Your instructions — Find "To study the", then copy its line and every later line of the entries exactly through the end, leaving all pictures out.
Dataset content below:
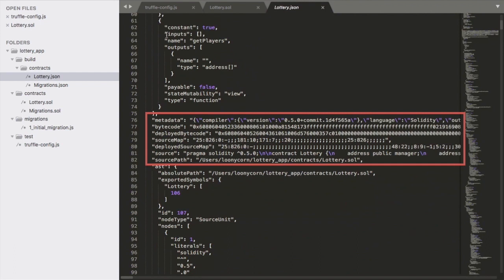So in addition to the metadata, we also have the bytecode for the smart contract, as well as the entire source itself. Within the source field here, you can see the code which is present within the smart contract. There is also an abstract syntax tree representation of the smart contract within this JSON file.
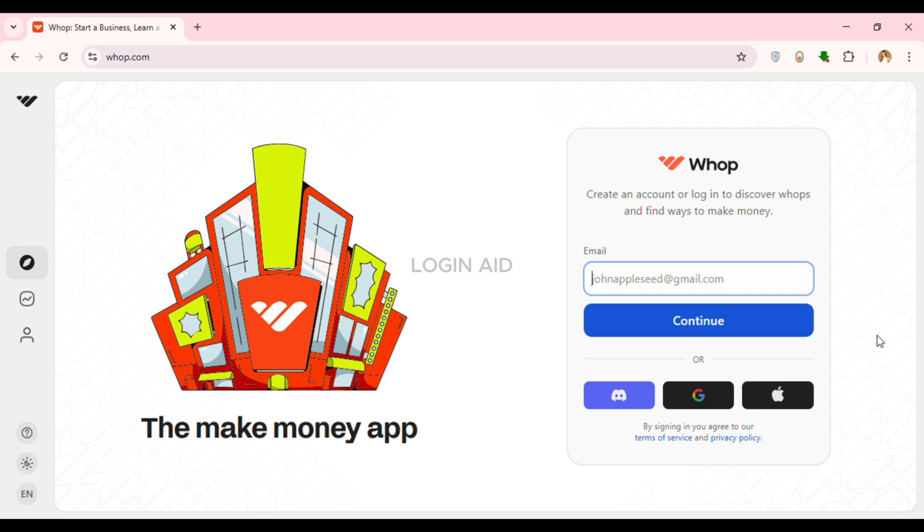While creating the account, I had used email, so I'm just going to enter the email. Click on the field of email and enter the email here.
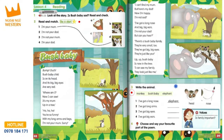Bump. Ouch! Bush baby child is on its head and its big, big eyes are very red. Oh, where am I? Now I can see. It's my mum up in a tree.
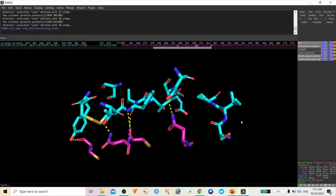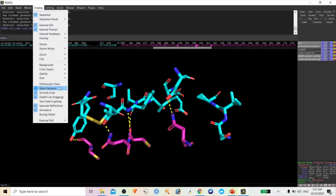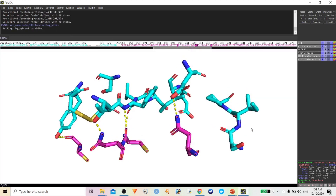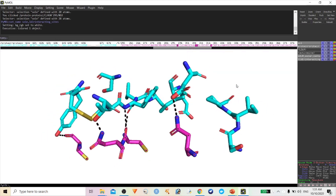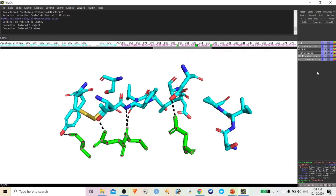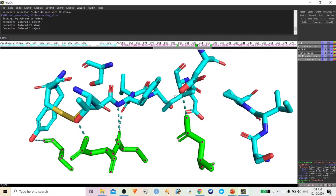For publication mode, it is better to have a white background, and you can change the color of the hydrogen bond interactions. You can change it to black or whatever color you want — you can change it to different colors for these interactions.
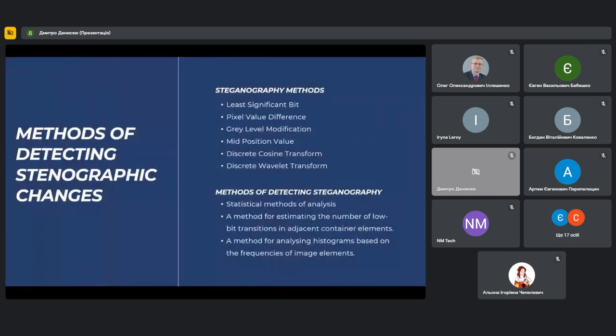To study the field of steganography, an analysis of various methods was carried out, including both methods of hiding information and methods of detecting steganography. The purpose of steganography is to hide information in such a way that it remains invisible to an ordinary observer. The most popular methods include LSB (Least Significant Bit), which consists of replacing the less significant bits — usually the last ones — in the container with the bits of the hidden message.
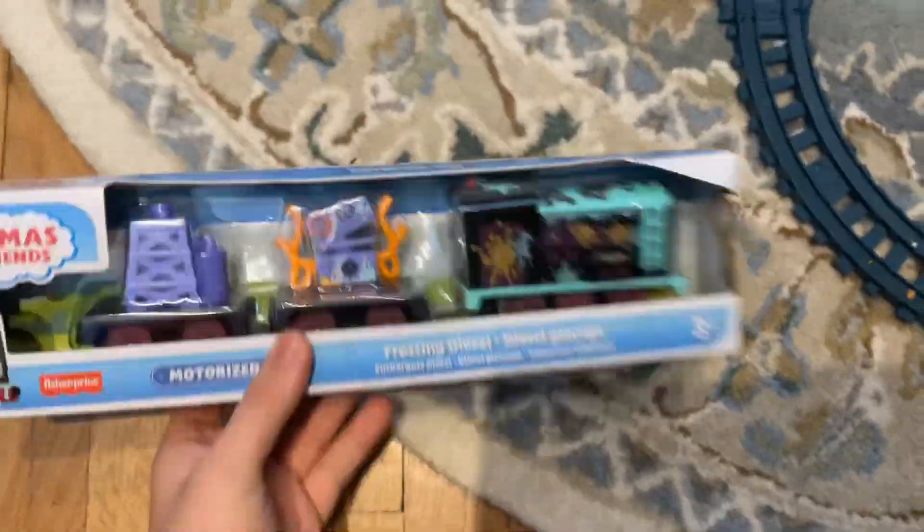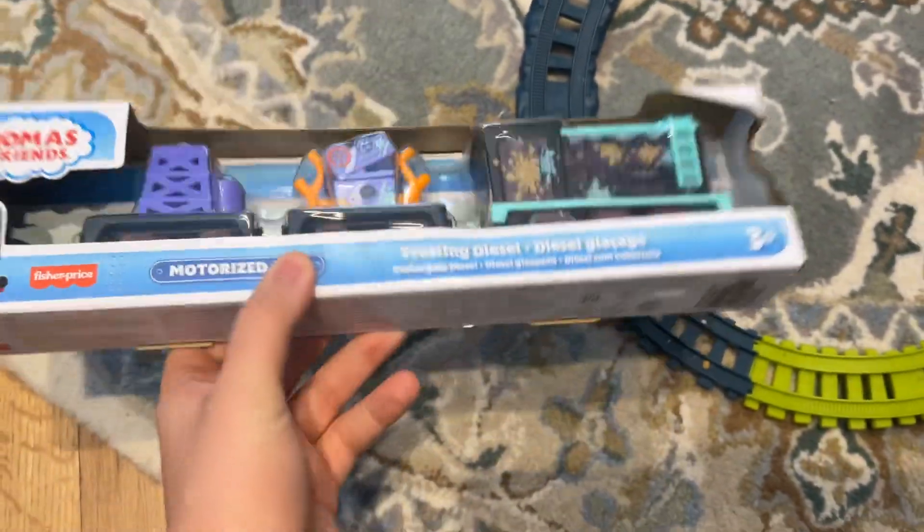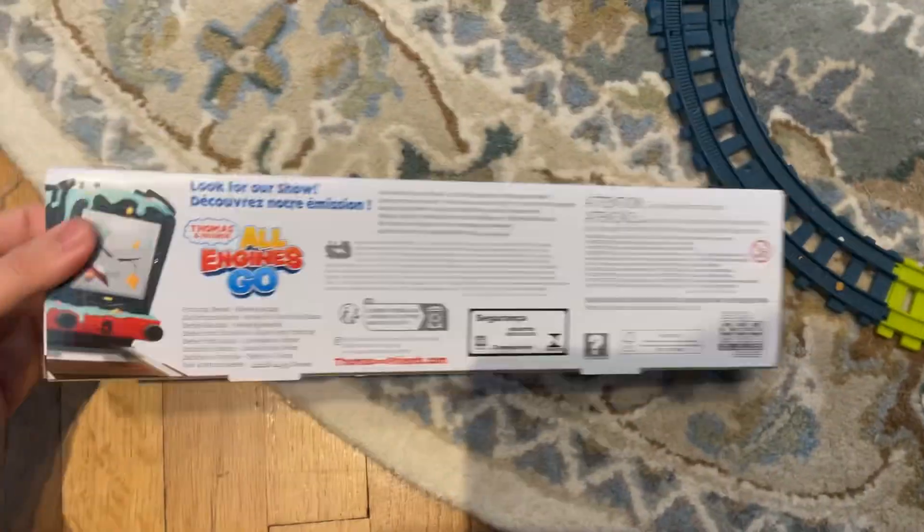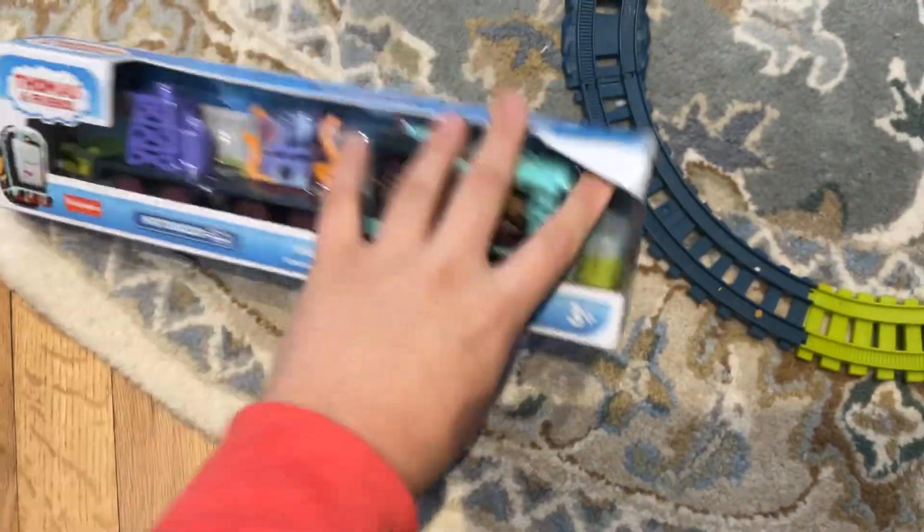Hi guys, today we're going to unbox Frosting Gizels. Here's the front, top, spine, under spine, bottom, and the back. It shows Diesel on it, so let's open the box.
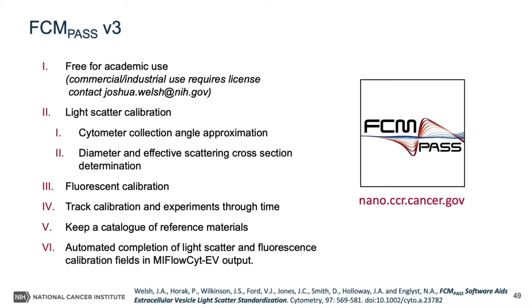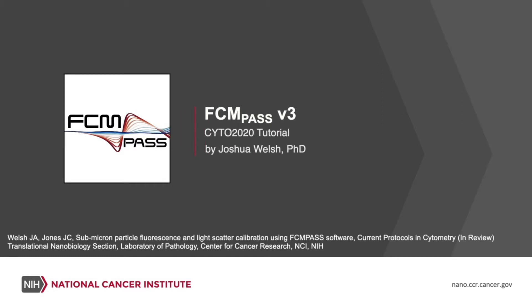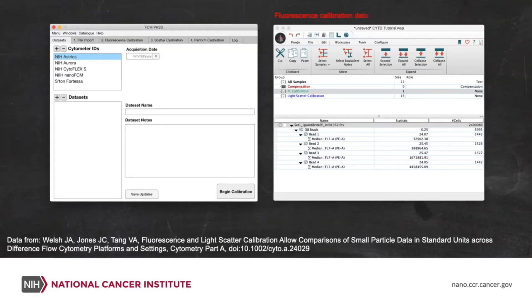FCMPass catalogues your reference materials so that their information will automatically be completed in your MyFlowSite EV report, saving you time. You're also able to keep records of your calibrations and experiments over time. So today I want to take you through calibrating a data set from start to finish with the FCMPass software. This is the new version 3 software.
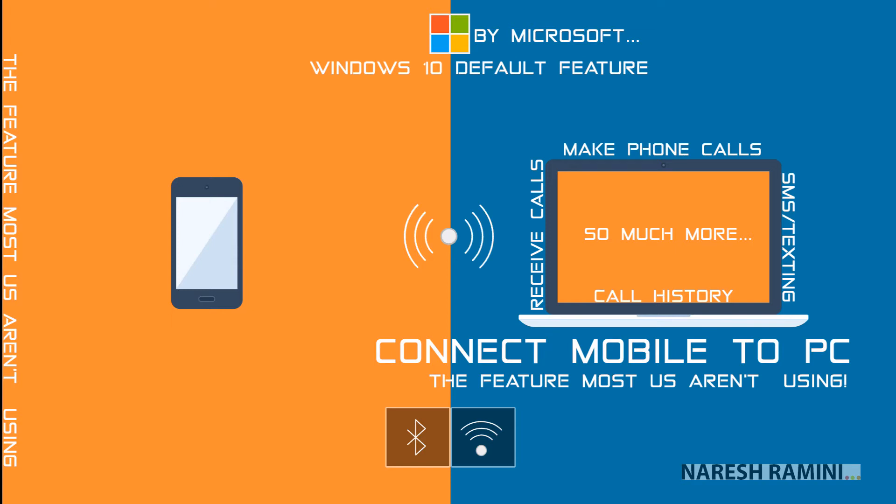Hello folks, in this video I'm going to talk about the Windows feature that allows us to link mobile phone to PC and enable us to make phone calls, receive phone calls, send and receive SMS on PC and so much more.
End of Dataset content.
Output of the exercise —
To study the field of steganography, an analysis of various methods was carried out, including both methods of hiding information and methods of detecting steganography. The purpose of steganography is to hide information in such a way that it remains invisible to an ordinary observer. The most popular methods include LSB (Least Significant Bit), which consists of replacing the less significant bits — usually the last ones — in the container with the bits of the hidden message.
Hi guys, today we're going to unbox Frosting Gizels. Here's the front, top, spine, under spine, bottom, and the back. It shows Diesel on it, so let's open the box.
FCMPass catalogues your reference materials so that their information will automatically be completed in your MyFlowSite EV report, saving you time. You're also able to keep records of your calibrations and experiments over time. So today I want to take you through calibrating a data set from start to finish with the FCMPass software. This is the new version 3 software.
Hello folks, in this video I'm going to talk about the Windows feature that allows us to link mobile phone to PC and enable us to make phone calls, receive phone calls, send and receive SMS on PC and so much more.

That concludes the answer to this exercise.